Shi Rushen, Emond Emeryse
Université du Québec à Montréal, Montreal, QC, Canada.
Front Psychol. 2023 Oct 30;14:1251124. doi: 10.3389/fpsyg.2023.1251124. eCollection 2023.
Most learning theories agree that the productivity of a rule or a pattern relies on regular exemplars being dominant over exceptions; the threshold for productivity is, however, unclear; moreover, gradient productivity levels are assumed for different rules/patterns, regular or irregular. One theory by Yang, the Tolerance Principle (TP), specified a productivity threshold applicable to all rules, calculated by the numbers of total exemplars and exceptions of a rule; furthermore, rules are viewed as quantal, either productive or unproductive, with no gradient levels. We evaluated the threshold and gradience-quantalness questions by investigating infants' generalization. In an implicit learning task, 14-month-olds heard exemplars of an artificial word-order rule and exceptions; their distributions were set closed to the TP-threshold (5.77) on both sides: 11 regular exemplars vs. 5 exceptions in Condition 1 (productiveness predicted), and 10 regular exemplars vs. 6 exceptions in Condition 2 (unproductiveness predicted).

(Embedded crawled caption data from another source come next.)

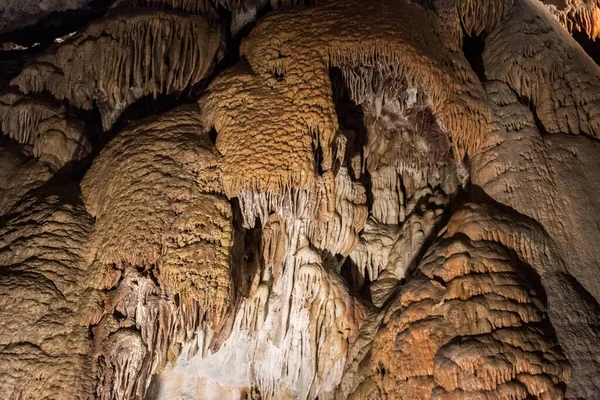 Волшебная Пещера Свободы Словакии — стоковое фото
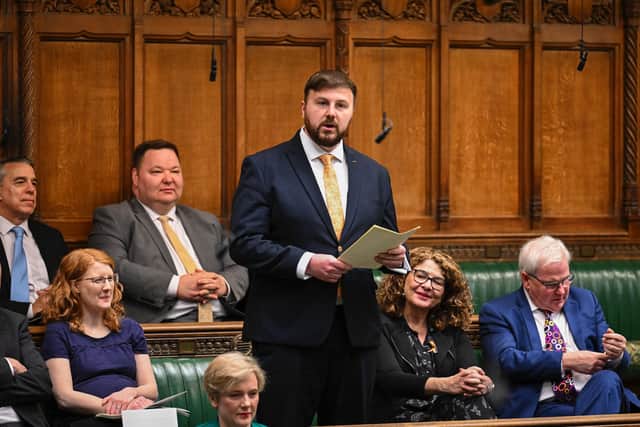 Blackpool South MP Chris Webb wants Lancashire's council leaders to "seize the opportunity" he says will come with a county mayor
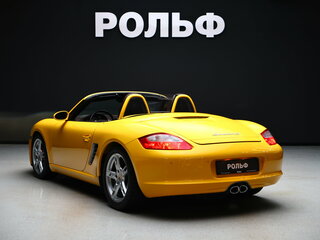 2006 Porsche Boxster S II (987), жёлтый, 6000000 рублей, вид 2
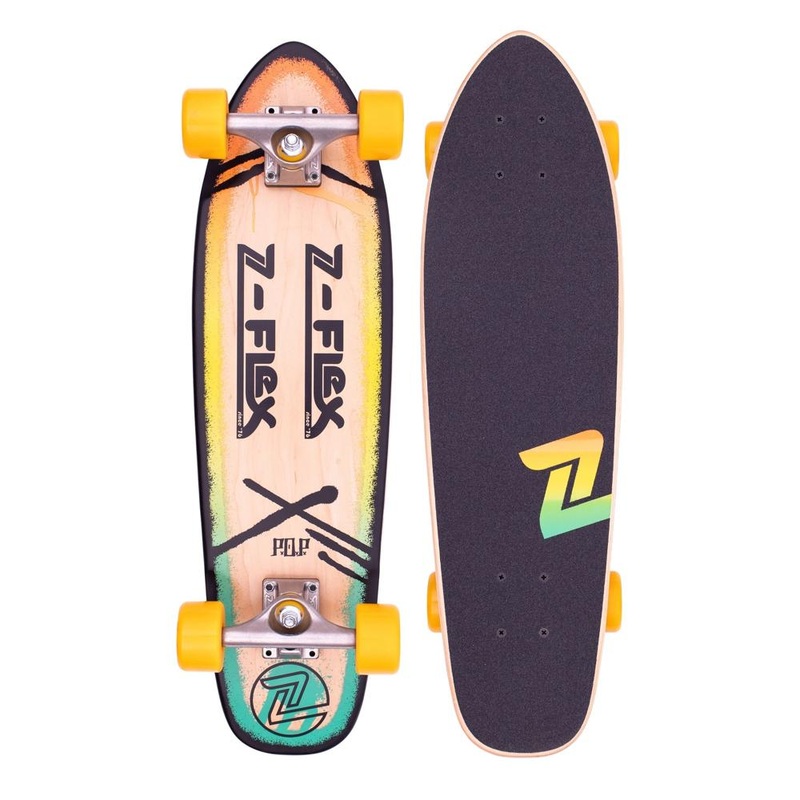 Z-Flex P.O.P Rasta 27″ Cruiser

These predictions were pitted against those of the statistical majority threshold (50%), a common assumption which would predict generalization in both conditions (68.75, 62.5%). Infants were tested on the trained rule with new exemplars. Results revealed generalization in Condition 1, but not in Condition 2, supporting the TP-threshold, not the statistical majority threshold. Gradience-quantalness was assessed by combined analyses of Conditions 1-2 and previous experiments by Koulaguina and Shi. The training across the conditions contained gradually decreasing regular exemplars (100, 80, 68.75, 62.5, 50%) relative to exceptions. Results of test trials showed evidence for quantalness in infants (productive: 100, 80, 68.75%; unproductive: 62.5, 50%), with no gradient levels of productivity.

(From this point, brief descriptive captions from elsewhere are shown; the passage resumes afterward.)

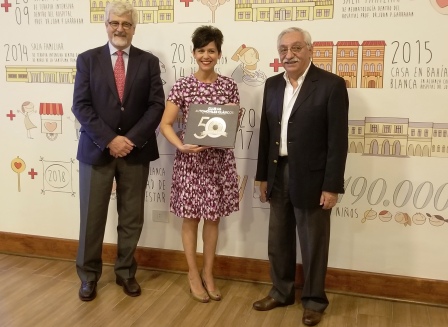 Autoclásica donó $160.000 en pasajes aéreos a La Casa de Ronald McDonald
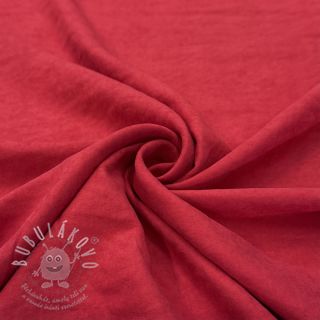 Viskóza DELUXE soft touch Cynthia red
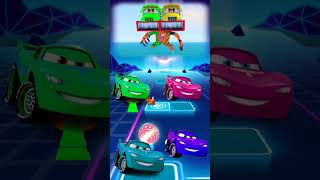 Whatsapp Lightning McQueen vs Rich Mixon x Coffin Dance Tiles hop EDM Rush [upl. by Avlis]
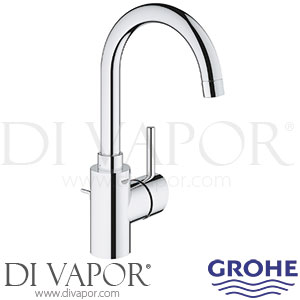 Grohe 32629002 Concetto Single-Lever Basin Mixer (1/2 Inch) L-Size Spare Parts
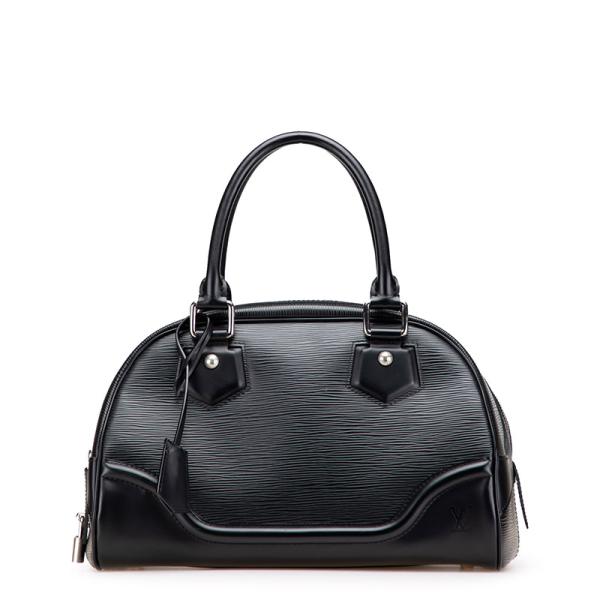 希少　ルイヴィトン エピ ボーリング モンテーニュPM ハンドバッグ　黒 12400302_2.jpg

大多数学习理论都认为,规则或模式的生成能力取决于常规范例比例外情况占主导地位;然而,生成能力的阈值尚不清楚;此外,不同规则/模式(无论是常规的还是非常规的)都假定存在渐变的生成能力水平。杨提出的一种理论,即容忍原则(TP),规定了适用于所有规则的生成能力阈值,该阈值通过规则的范例总数和例外情况的数量来计算;此外,规则被视为量子化的,要么具有生成能力,要么没有生成能力,不存在渐变水平。我们通过研究婴儿的泛化来评估阈值和渐变 - 量子化问题。在一项隐性学习任务中,14个月大的婴儿听到了一个人工词序规则的范例和例外情况;它们的分布在两侧都设置为接近TP阈值(5.77):条件1中11个常规范例对5个例外情况(预测具有生成能力),条件2中10个常规范例对6个例外情况(预测不具有生成能力)。这些预测与统计多数阈值(50%)的预测进行了对比,统计多数阈值是一个常见的假设,它会预测在两种条件下都会出现泛化(68.75%,62.5%)。用新的范例对婴儿进行了关于训练规则的测试。结果显示在条件1中出现了泛化,但在条件2中没有,这支持了TP阈值,而不是统计多数阈值。通过对条件1 - 2以及库拉吉娜和施之前的实验进行综合分析来评估渐变 - 量子化。跨条件的训练包含相对于例外情况逐渐减少的常规范例(100%、80%、68.75%、62.5%、50%)。测试试验的结果显示婴儿存在量子化的证据(具有生成能力:100%、80%、68.75%;不具有生成能力:62.5%、50%),不存在生成能力的渐变水平。